Records to use:

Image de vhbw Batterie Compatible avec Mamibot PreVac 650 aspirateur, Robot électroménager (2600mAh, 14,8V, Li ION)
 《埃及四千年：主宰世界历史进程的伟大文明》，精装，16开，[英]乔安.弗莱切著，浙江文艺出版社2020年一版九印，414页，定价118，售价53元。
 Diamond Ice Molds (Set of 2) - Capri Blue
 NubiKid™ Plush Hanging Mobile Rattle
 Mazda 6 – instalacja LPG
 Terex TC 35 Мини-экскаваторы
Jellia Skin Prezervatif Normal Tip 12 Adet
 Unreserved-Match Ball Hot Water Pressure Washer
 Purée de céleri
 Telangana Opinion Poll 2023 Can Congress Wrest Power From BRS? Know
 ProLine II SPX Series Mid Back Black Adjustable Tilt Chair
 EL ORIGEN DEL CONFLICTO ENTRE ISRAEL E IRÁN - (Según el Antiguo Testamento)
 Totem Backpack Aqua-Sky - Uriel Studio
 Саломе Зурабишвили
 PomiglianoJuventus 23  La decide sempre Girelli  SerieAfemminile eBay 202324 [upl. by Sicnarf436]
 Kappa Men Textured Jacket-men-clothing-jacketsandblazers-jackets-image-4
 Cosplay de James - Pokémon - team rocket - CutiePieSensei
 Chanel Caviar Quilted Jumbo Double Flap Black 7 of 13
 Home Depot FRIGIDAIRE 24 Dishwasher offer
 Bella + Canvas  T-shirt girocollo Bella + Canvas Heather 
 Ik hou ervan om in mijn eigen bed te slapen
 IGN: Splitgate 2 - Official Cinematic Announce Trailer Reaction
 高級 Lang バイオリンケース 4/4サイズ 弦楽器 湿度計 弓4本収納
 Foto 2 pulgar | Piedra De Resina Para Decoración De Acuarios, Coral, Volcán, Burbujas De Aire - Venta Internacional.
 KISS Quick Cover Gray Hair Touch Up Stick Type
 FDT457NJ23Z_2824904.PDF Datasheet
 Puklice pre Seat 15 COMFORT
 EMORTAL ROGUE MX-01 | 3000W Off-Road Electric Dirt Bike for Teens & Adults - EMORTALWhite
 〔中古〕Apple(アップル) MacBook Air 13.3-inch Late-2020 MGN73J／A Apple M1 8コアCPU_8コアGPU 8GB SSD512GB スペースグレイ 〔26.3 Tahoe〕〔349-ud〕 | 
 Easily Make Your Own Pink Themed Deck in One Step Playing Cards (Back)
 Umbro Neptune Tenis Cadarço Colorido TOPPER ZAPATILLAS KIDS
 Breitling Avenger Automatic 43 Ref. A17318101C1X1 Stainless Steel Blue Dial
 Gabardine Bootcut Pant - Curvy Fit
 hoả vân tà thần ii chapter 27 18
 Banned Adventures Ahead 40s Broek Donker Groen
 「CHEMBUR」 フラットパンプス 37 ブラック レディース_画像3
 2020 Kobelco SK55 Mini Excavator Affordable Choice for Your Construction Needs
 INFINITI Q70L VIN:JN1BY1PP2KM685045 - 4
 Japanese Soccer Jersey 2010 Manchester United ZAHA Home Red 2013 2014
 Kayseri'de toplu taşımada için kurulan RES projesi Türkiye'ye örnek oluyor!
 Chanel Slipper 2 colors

Work task:
Filter the records above for "Your" and copy every matching line.

Response to the task:
 Easily Make Your Own Pink Themed Deck in One Step Playing Cards (Back)
 2020 Kobelco SK55 Mini Excavator Affordable Choice for Your Construction Needs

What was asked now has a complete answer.